Brokers agreed the commission cut was quid pro quo for the stamp-duty cut approved on Friday.
‘The association’s been involved in the negotiations for some time. Let’s say they weren’t going to do their giveaway until we promised ours,’ said Billy Culbert, sales manager at Rainbow Realty.
‘It’s meant to be a win/win arrangement,’ said Doug Sell, a broker with Butler Properties. ‘I do know it’s in negotiation, but we’re waiting to see the Government’s final wording of the agreement.’
The move was first revealed by the Leader of Government Business Kurt Tibbetts at the Legislative Assembly on Friday during the passage of the stamp-duty bill.
That, together with another bill, the effect of which is to reduce the cost of construction materials, and the commission cut could reverse a real-estate slump, Mr. Tibbetts said.
Brokers, however, were more cautious about the effect of the stamp-duty cuts alone, which run 1 April to 30 September.
‘It will be very helpful,’ said John May, president of Capital Realty. ‘…It will take a while to see the effects, although I think it could boost volumes by 20 to 40 per cent.

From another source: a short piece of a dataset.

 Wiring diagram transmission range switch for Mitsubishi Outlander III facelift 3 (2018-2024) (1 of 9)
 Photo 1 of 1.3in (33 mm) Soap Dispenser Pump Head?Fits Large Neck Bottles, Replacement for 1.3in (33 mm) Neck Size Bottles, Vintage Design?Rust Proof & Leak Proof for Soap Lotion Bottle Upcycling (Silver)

‘It’s too early to say what the impact will be,’ he said, ‘but it may attract the overseas investors if we can get them.’
Mr. Lund agreed.
‘It’s really hard to say how much impact the stamp-duty cut will have, but it’s one more incentive to buy before October so that can’t be bad,’ he said.
The breaks will need to reverse a trend in property sales, which brokers say are down by up to a half to two-thirds.

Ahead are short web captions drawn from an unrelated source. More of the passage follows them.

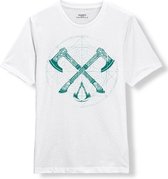 Assassins Creed Valhalla Cross Axe T-Shirt Wit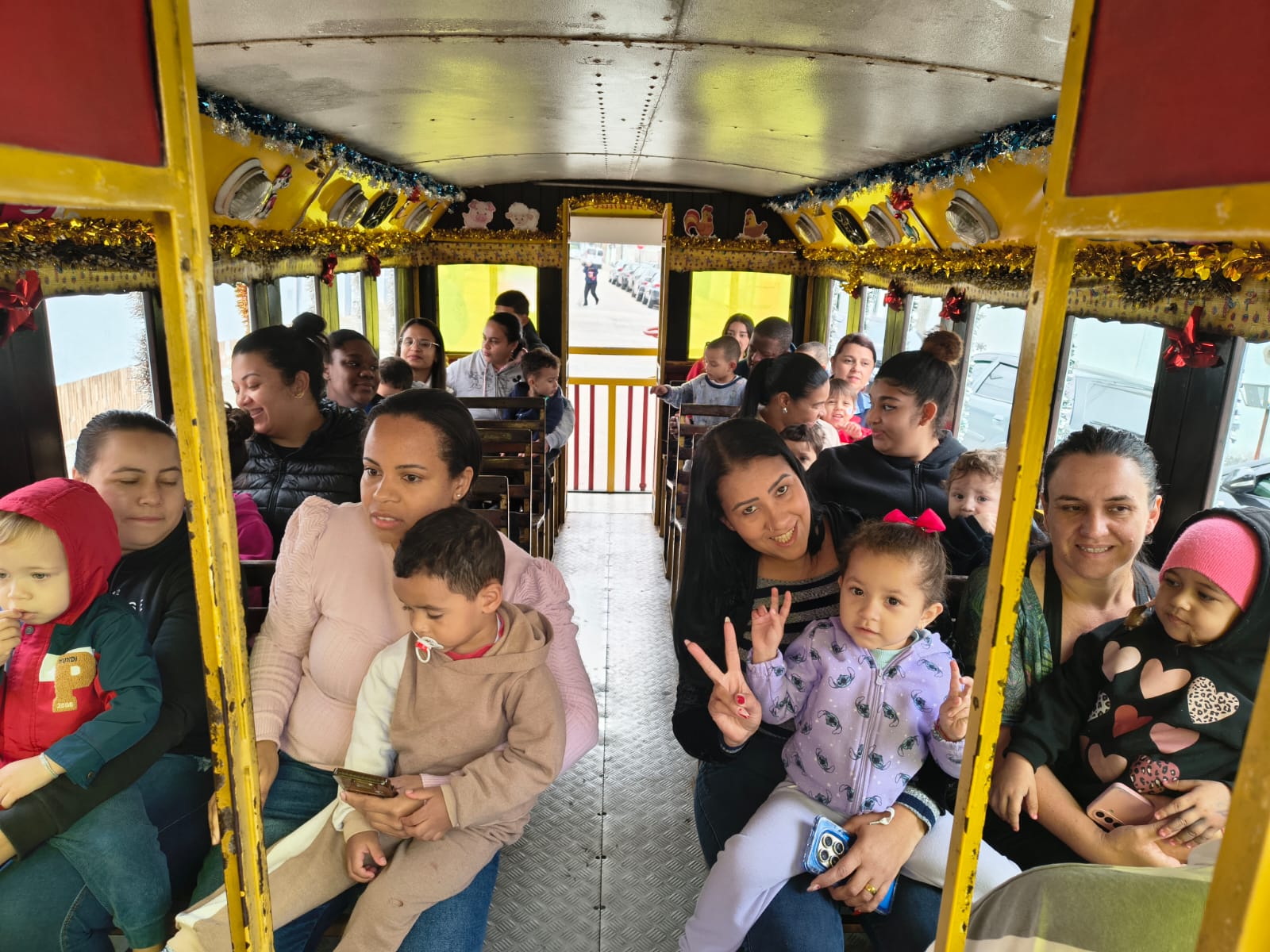 07 de julho - Passeio de trenzinho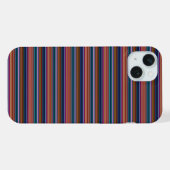 かわいいレトロカラフルストライプ iPhoneケース (裏面横)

‘I’d say over the past six to eight months, volumes are down by 50 per cent,’ said Mr. May.
Mr. Lund, who has also been tracking the figures, observed a similar trend.

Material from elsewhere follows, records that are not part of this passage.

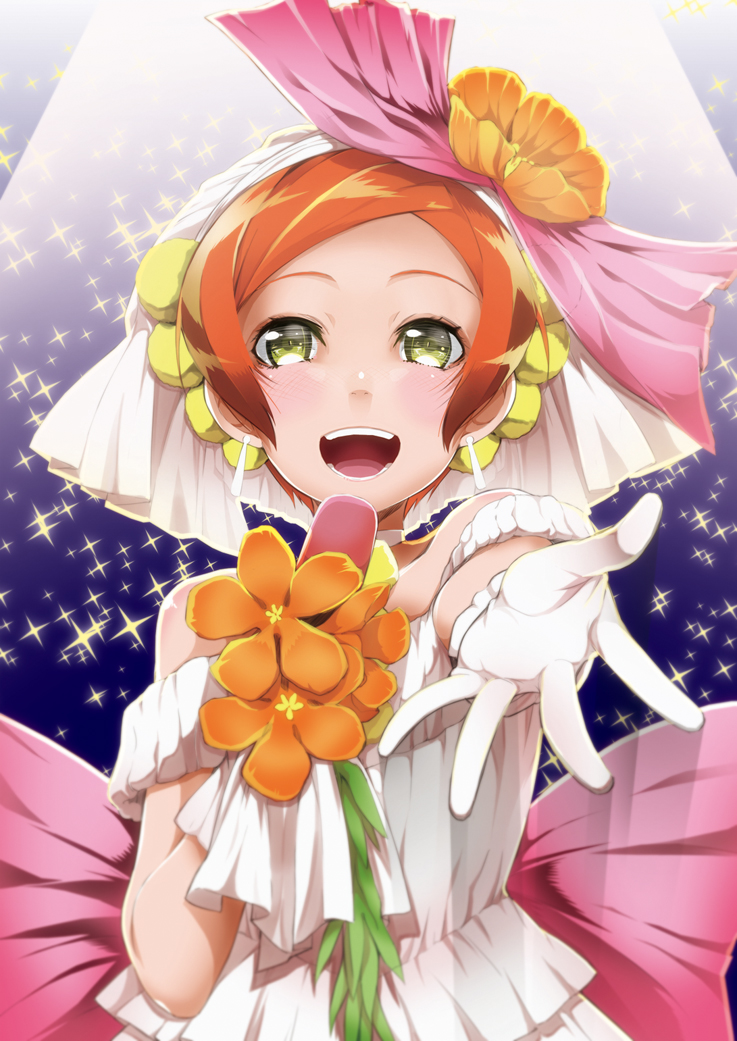 hoshizora rin (love live! and 1 more) drawn by shiro_(nitto)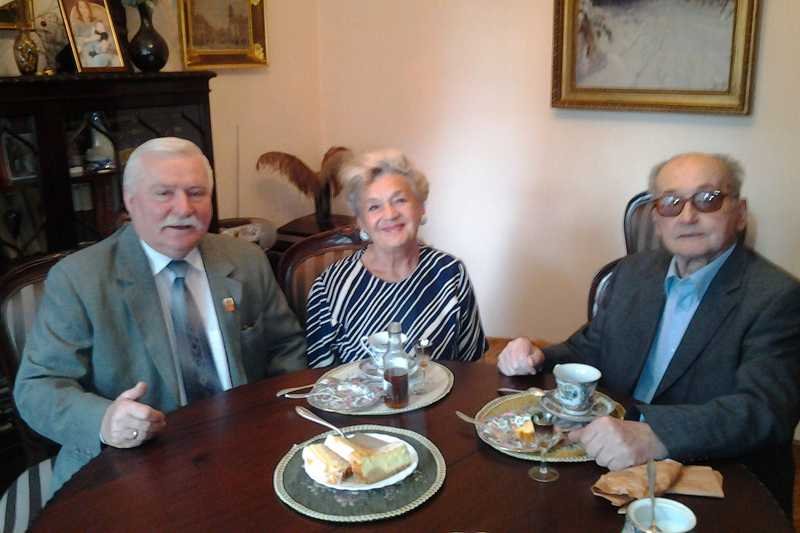 Lech Wałęsa u Wojciecha Jaruzelskiego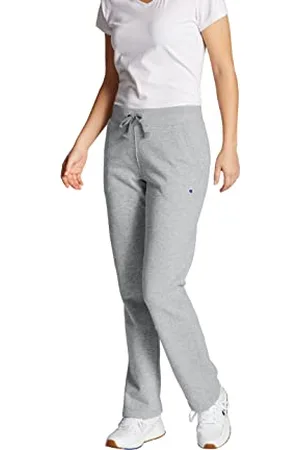 Champion Powerblend Pantalon de survêtement, Gris Oxford, M Femme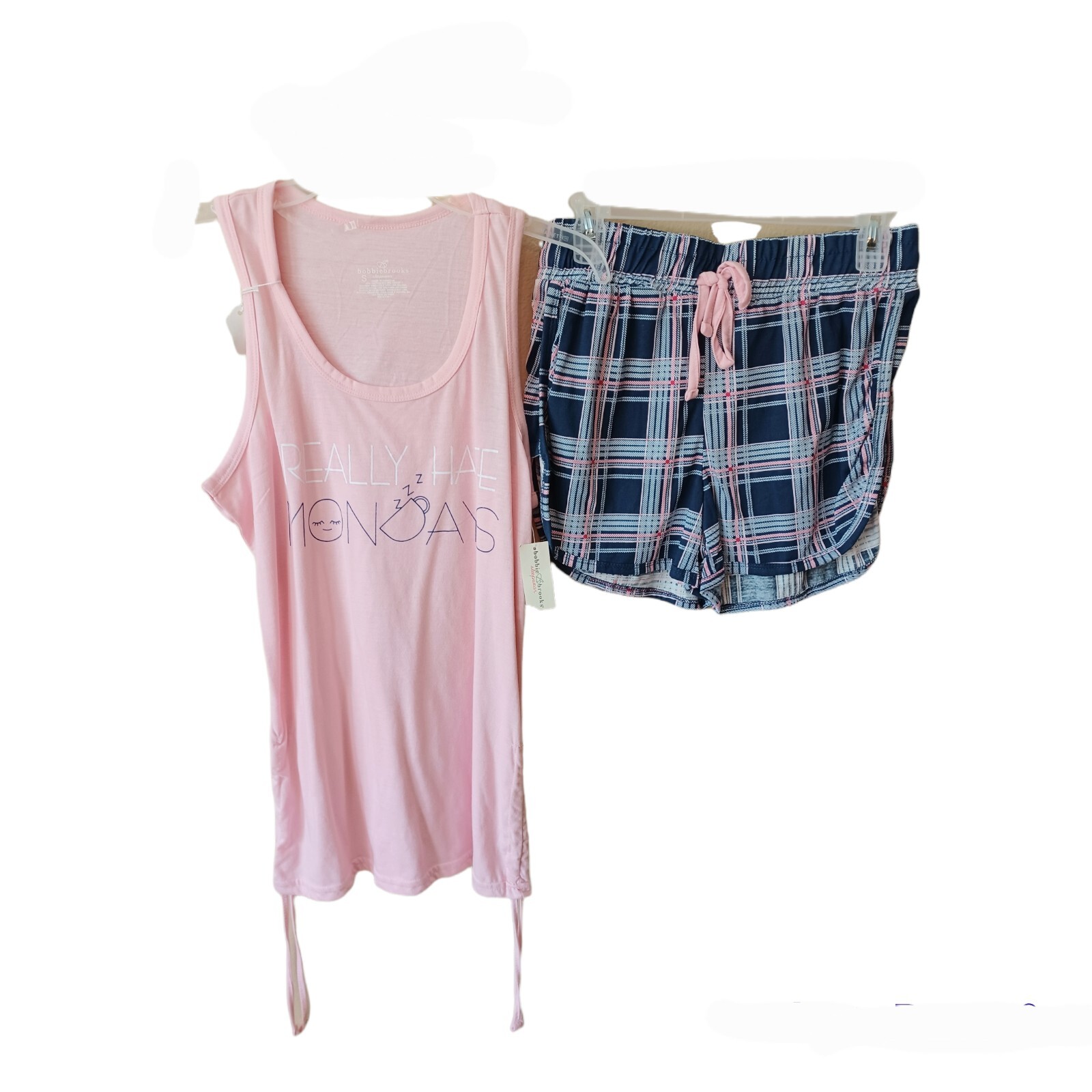 Bobbie Brooks Women's 2 Pc Shorts Pajama Set-S-"REALLY HATE MONDAYS"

‘Since September 1, last year, volumes on Seven Mile Beach are down by 61 per cent,’ he said. ‘The overseas market is frozen and 90 per cent of buyers in this area are from overseas, 80 per cent of them American.’
That said, there is still movement among less expensive properties, he said.
‘Anything over CI$500,000 is slow to sell,’ said Mr. Lund, ‘but those priced at less than that are selling fairly well.’
Properties still take up to a year to sell, he said.
‘Some properties sell in a month or two,’ said Mr. Lund, ‘but that depends upon the location, the price and the vendor but that doesn’t fluctuate a whole lot. Perhaps in the late 1990s, the time shortened, but a year tends to be the norm.’
The rental market, meanwhile, continues to hold up, said Mr. May.
‘At any one time, you’ve got 32,000 people here on work permits,’ he said. ‘That keeps it vibrant with all those people on one-year leases. They are not affected by property taxes and the legislation isn’t overly favourable to the tenant.’
The Stamp Duty (Amendment) (Temporary Provisions) Law 2009 reduces the tax payable on purchases of property in Seven Mile Beach, and other areas that attract the 7.5 per cent rate, to 5 per cent.
The percentage in all other areas, including Cayman Brac and Little Cayman, falls from 6 to 4 per cent for foreign nationals and from 4 to 3 per cent for Caymanians.
Another boost for the market agreed by legislators Friday during the passage of the stamp duty amendment bill gives first-time Caymanian homebuyers a further break for six months.
Those purchasing properties between CI$200,000 and CI$300,000 in value will pay 1 per cent stamp duty, half the current 2 per cent rate.
Caymanian first-time buyers will continue to enjoy stamp-duty-free purchases on properties valued at less than CI$200,000.